▶ **Problem requirements**
Please give back the lines from the line containing "PIET MONDRIAN (1872-1944) - Foto 1" through the end of the listing below, exactly as written and without pictures.

▶ **Material shown**
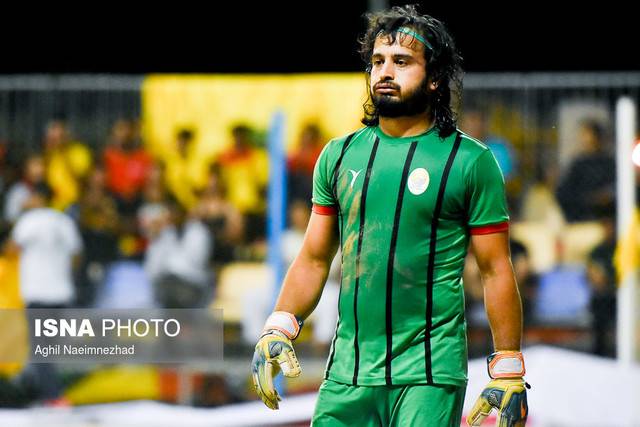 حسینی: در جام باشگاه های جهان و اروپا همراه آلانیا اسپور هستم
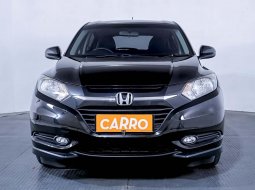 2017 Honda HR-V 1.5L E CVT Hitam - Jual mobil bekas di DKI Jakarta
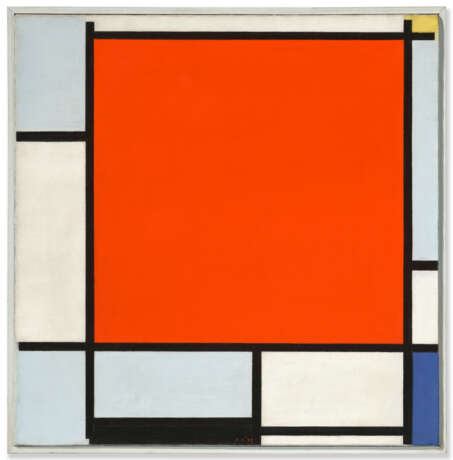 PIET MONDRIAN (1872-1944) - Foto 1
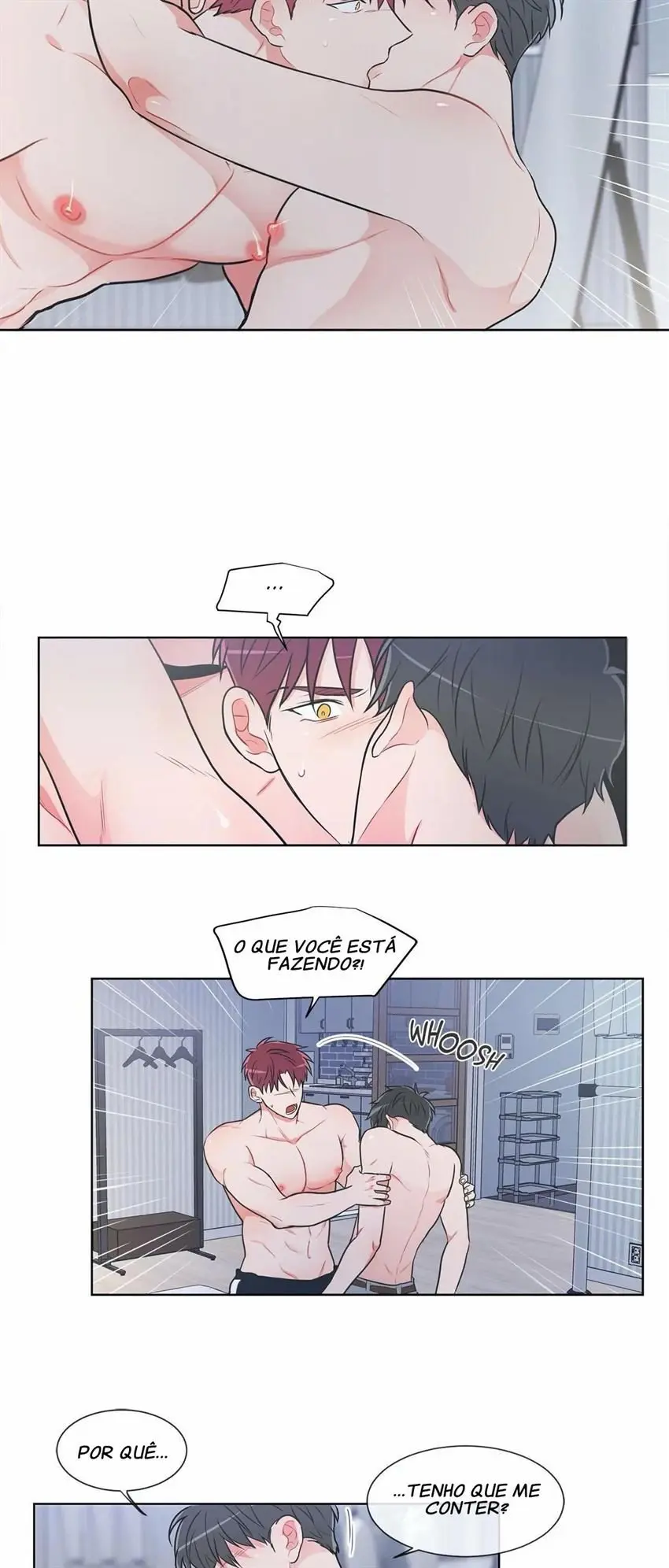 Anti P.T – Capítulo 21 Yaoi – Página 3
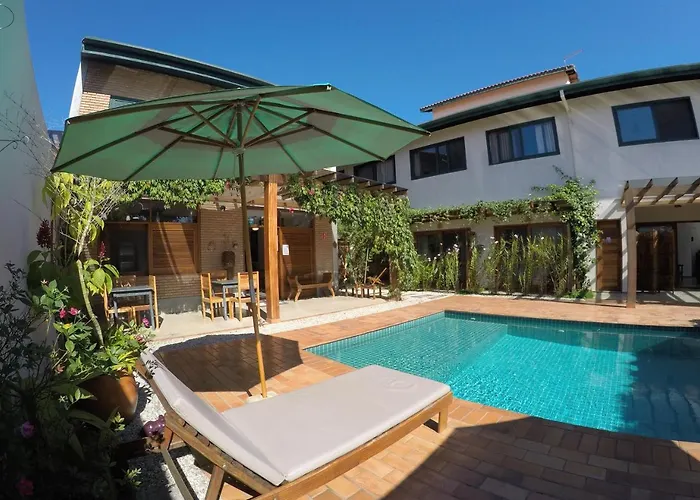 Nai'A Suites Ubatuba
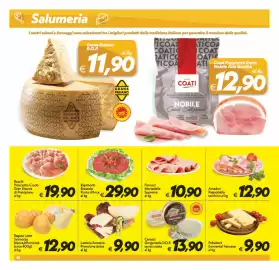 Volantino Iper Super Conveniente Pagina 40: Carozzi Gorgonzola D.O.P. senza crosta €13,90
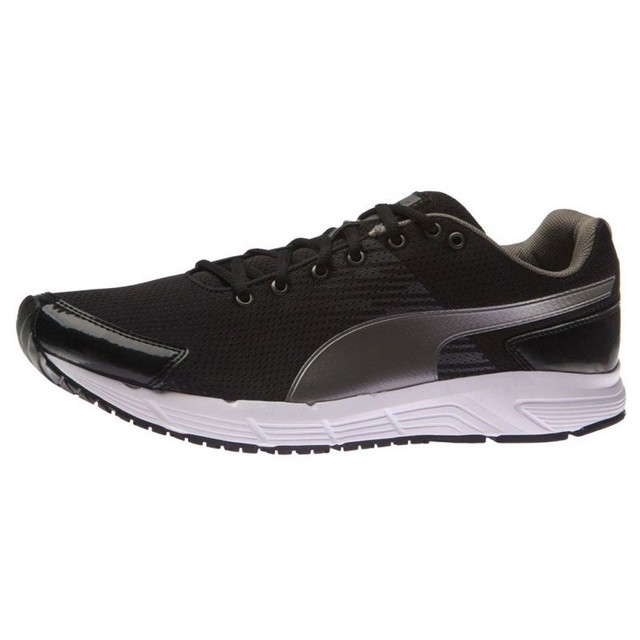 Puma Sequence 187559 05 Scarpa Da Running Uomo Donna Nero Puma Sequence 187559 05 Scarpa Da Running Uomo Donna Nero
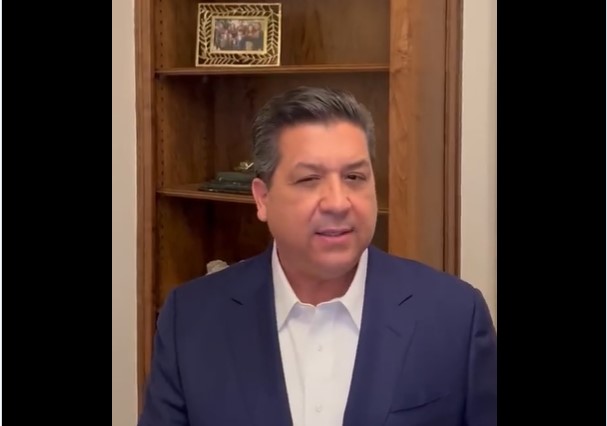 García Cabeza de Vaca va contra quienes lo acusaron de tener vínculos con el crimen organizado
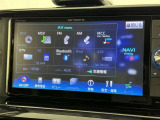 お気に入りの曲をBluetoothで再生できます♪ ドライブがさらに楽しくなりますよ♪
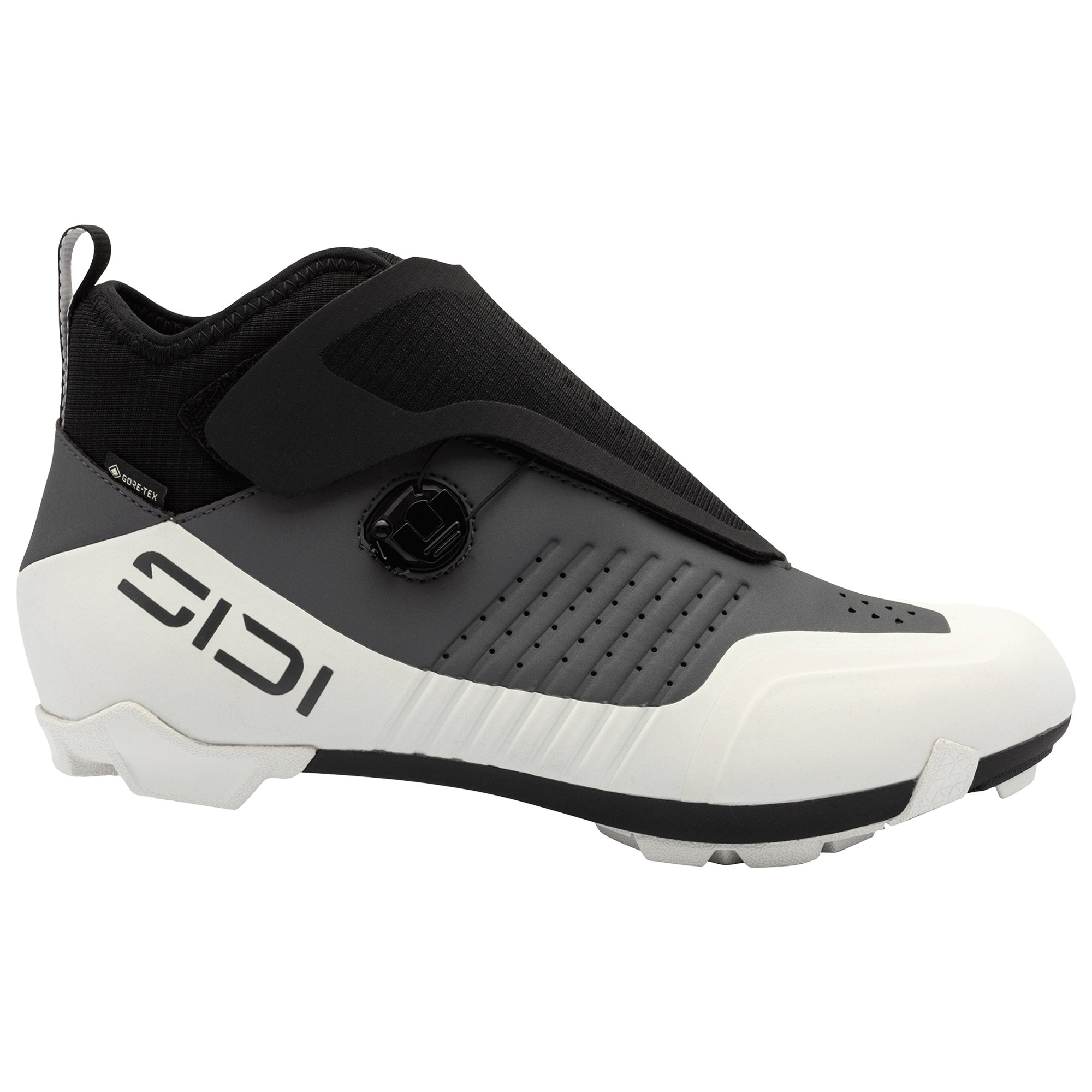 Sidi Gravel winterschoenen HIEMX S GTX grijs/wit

▶ **Result of this exercise**
 PIET MONDRIAN (1872-1944) - Foto 1
 Anti P.T – Capítulo 21 Yaoi – Página 3
 Nai'A Suites Ubatuba
 Volantino Iper Super Conveniente Pagina 40: Carozzi Gorgonzola D.O.P. senza crosta €13,90
 Puma Sequence 187559 05 Scarpa Da Running Uomo Donna Nero Puma Sequence 187559 05 Scarpa Da Running Uomo Donna Nero
 García Cabeza de Vaca va contra quienes lo acusaron de tener vínculos con el crimen organizado
 お気に入りの曲をBluetoothで再生できます♪ ドライブがさらに楽しくなりますよ♪
 Sidi Gravel winterschoenen HIEMX S GTX grijs/wit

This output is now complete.